Description of the task:
After locating the line with "Appraisal: Vladimir Kagan" below, output it and each following line exactly, stopping after the line with "Bonsai bowl 28 x 28 x 10 cm, gray color - 2". No pictures.

Dataset records:

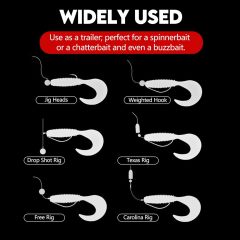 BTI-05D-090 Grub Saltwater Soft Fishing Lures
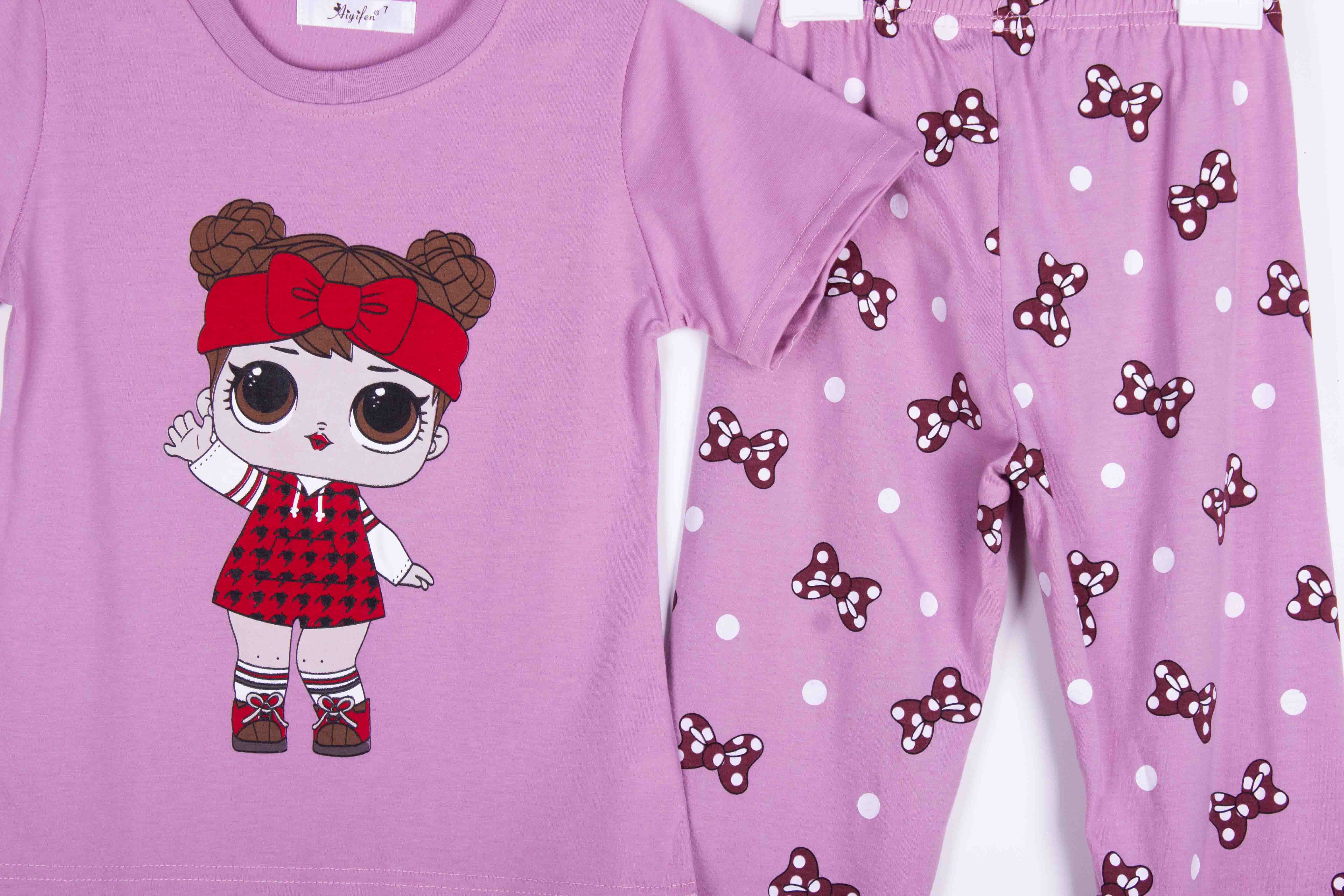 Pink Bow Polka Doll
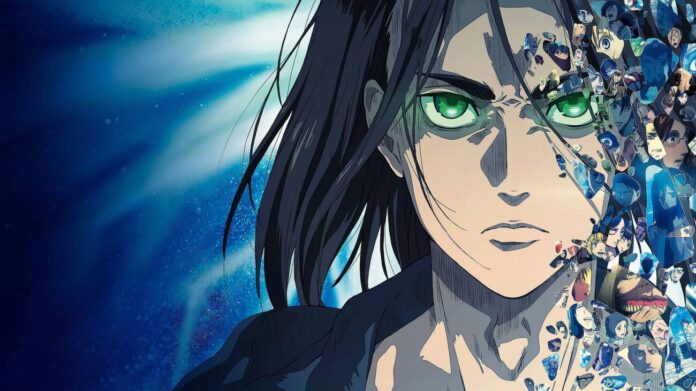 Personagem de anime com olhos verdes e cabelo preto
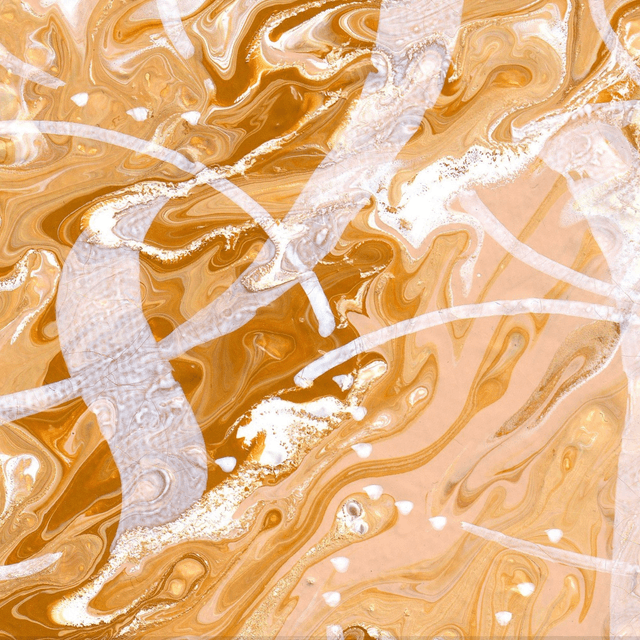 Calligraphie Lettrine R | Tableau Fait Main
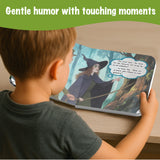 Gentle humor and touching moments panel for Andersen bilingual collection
* * *
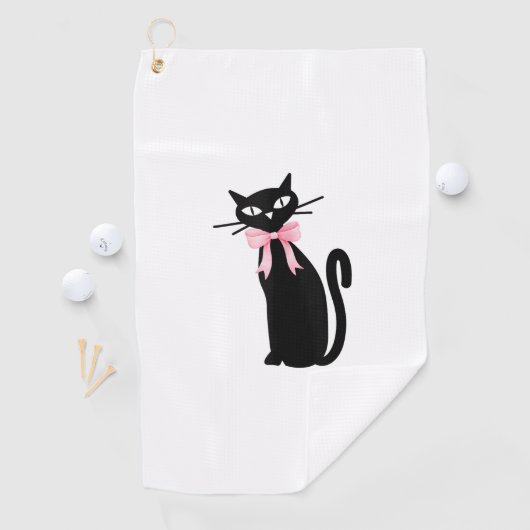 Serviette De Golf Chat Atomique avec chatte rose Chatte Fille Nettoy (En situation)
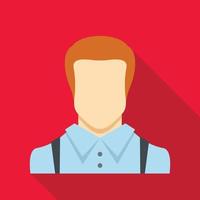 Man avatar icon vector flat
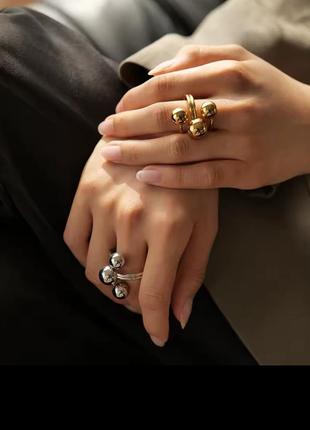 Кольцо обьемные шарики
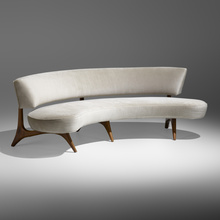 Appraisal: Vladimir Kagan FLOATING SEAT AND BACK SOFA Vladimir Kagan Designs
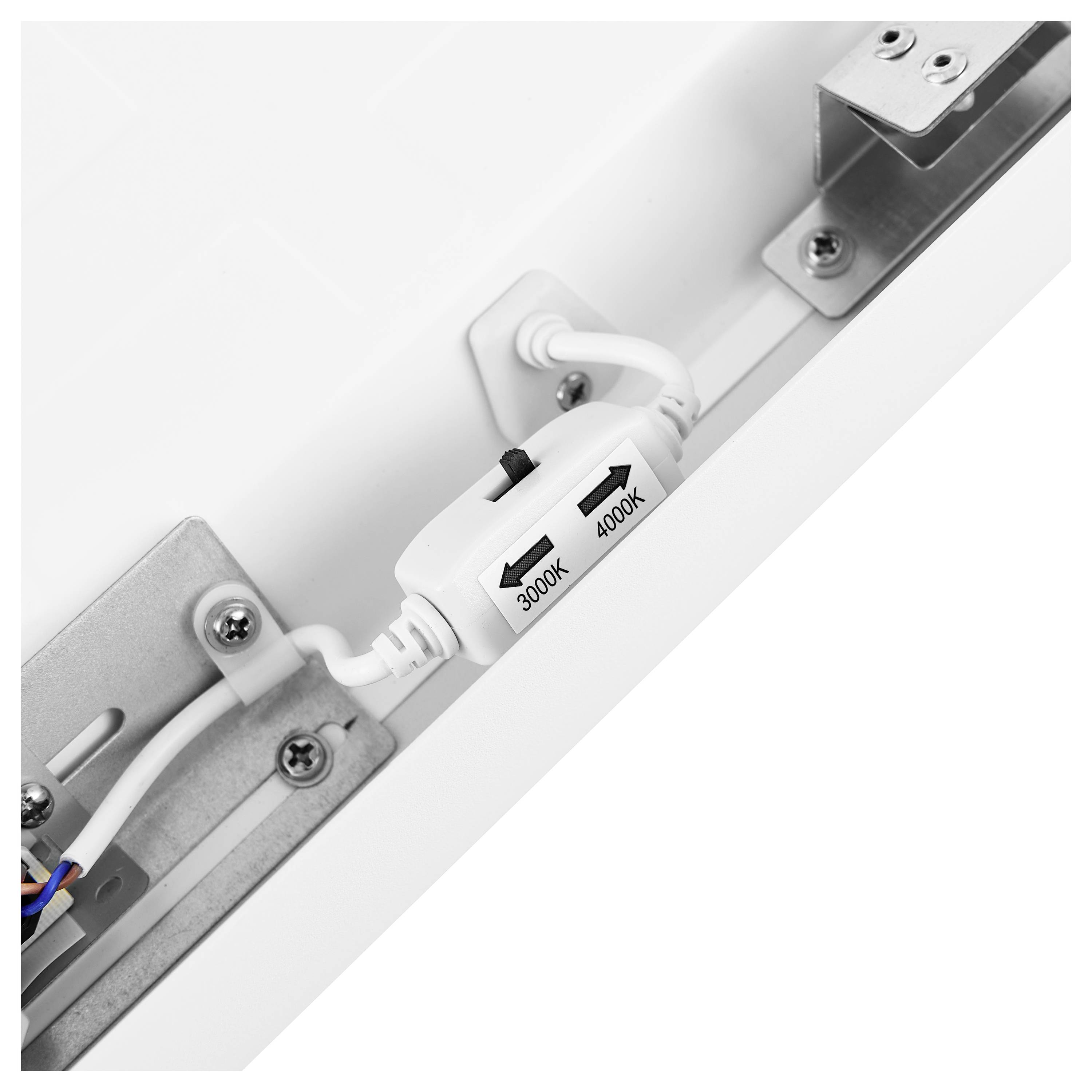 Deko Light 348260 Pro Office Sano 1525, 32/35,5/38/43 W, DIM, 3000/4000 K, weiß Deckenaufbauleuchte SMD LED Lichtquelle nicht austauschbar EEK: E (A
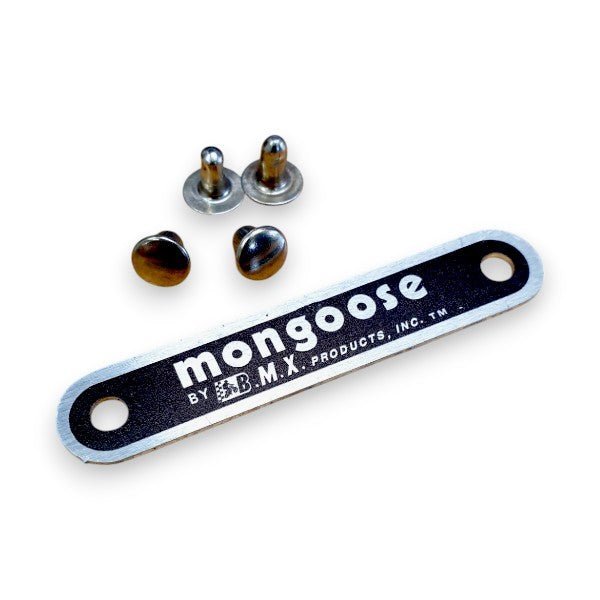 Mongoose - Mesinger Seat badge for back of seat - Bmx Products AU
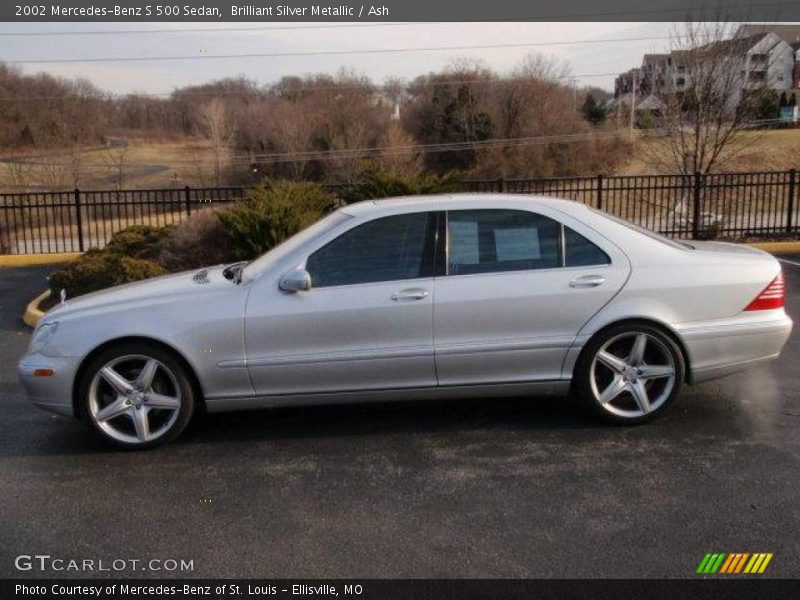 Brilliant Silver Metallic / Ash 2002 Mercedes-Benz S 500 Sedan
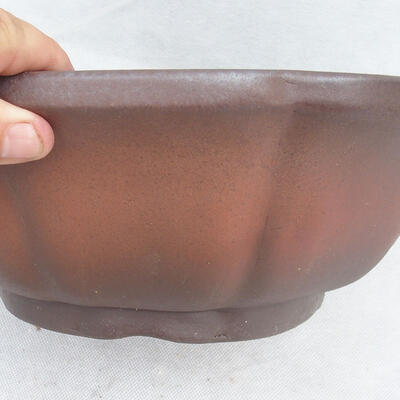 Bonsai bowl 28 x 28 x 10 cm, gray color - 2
* * *
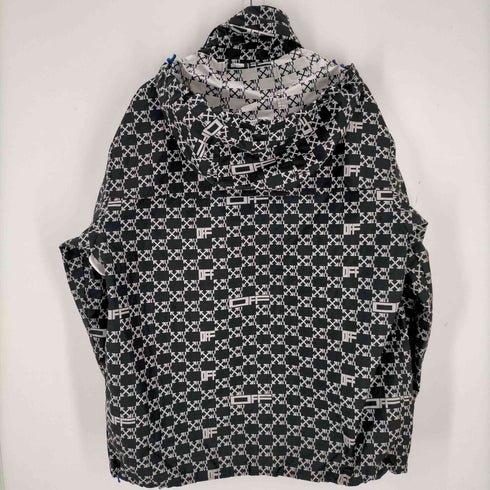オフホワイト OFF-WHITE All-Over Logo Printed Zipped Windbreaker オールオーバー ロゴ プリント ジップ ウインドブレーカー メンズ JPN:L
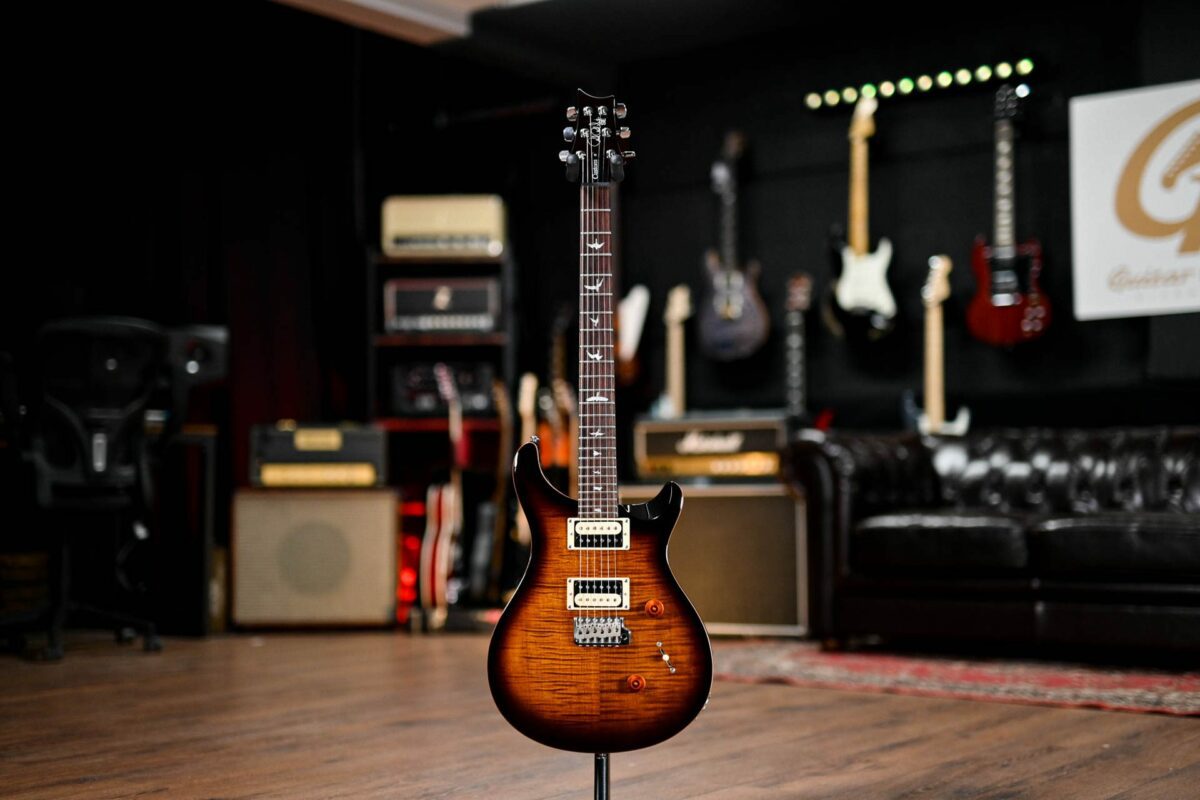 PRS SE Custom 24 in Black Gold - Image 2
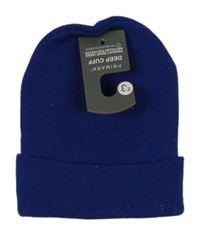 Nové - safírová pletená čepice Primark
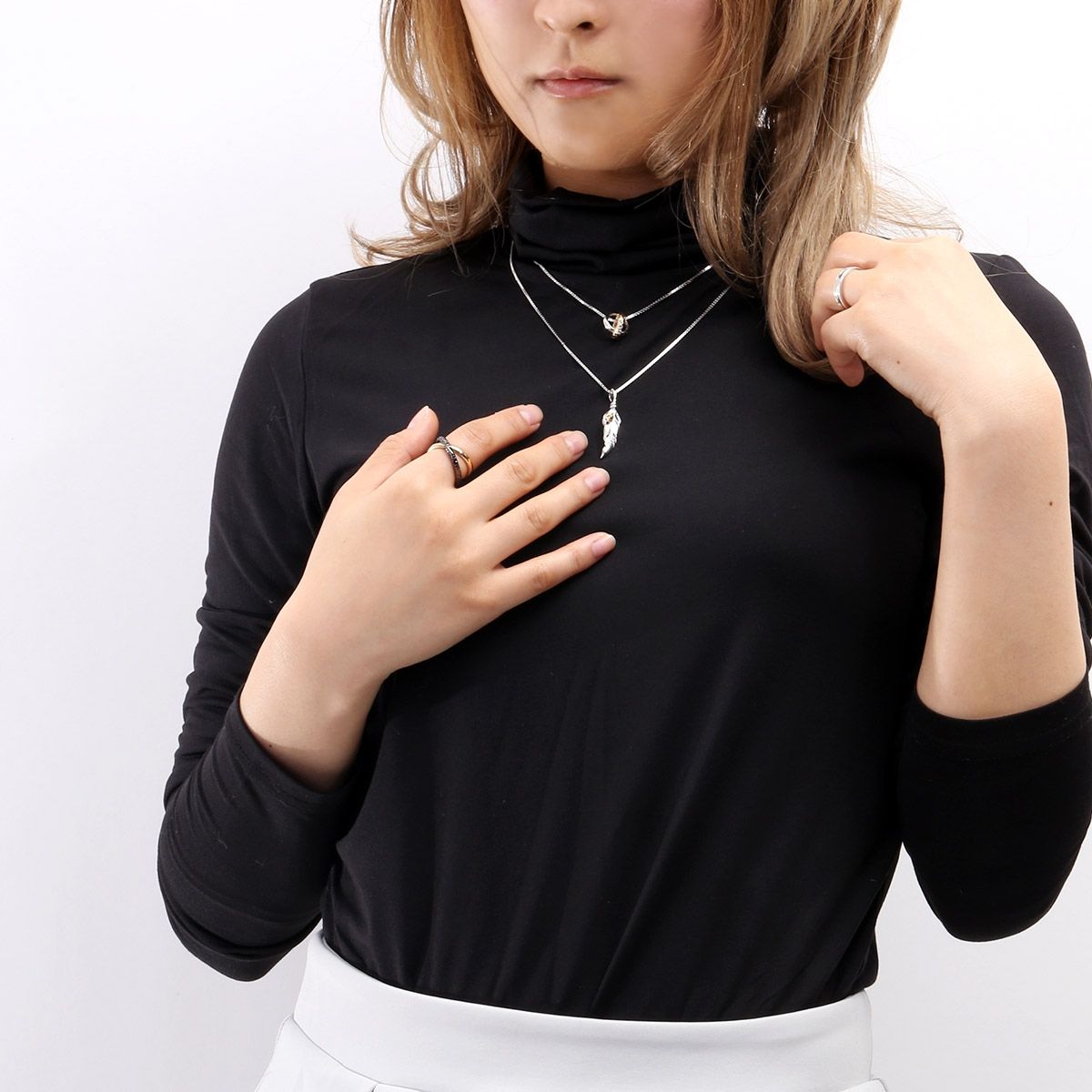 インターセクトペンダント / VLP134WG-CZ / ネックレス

Answer to this task:
 Appraisal: Vladimir Kagan FLOATING SEAT AND BACK SOFA Vladimir Kagan Designs
 Deko Light 348260 Pro Office Sano 1525, 32/35,5/38/43 W, DIM, 3000/4000 K, weiß Deckenaufbauleuchte SMD LED Lichtquelle nicht austauschbar EEK: E (A
 Mongoose - Mesinger Seat badge for back of seat - Bmx Products AU
 Brilliant Silver Metallic / Ash 2002 Mercedes-Benz S 500 Sedan
 Bonsai bowl 28 x 28 x 10 cm, gray color - 2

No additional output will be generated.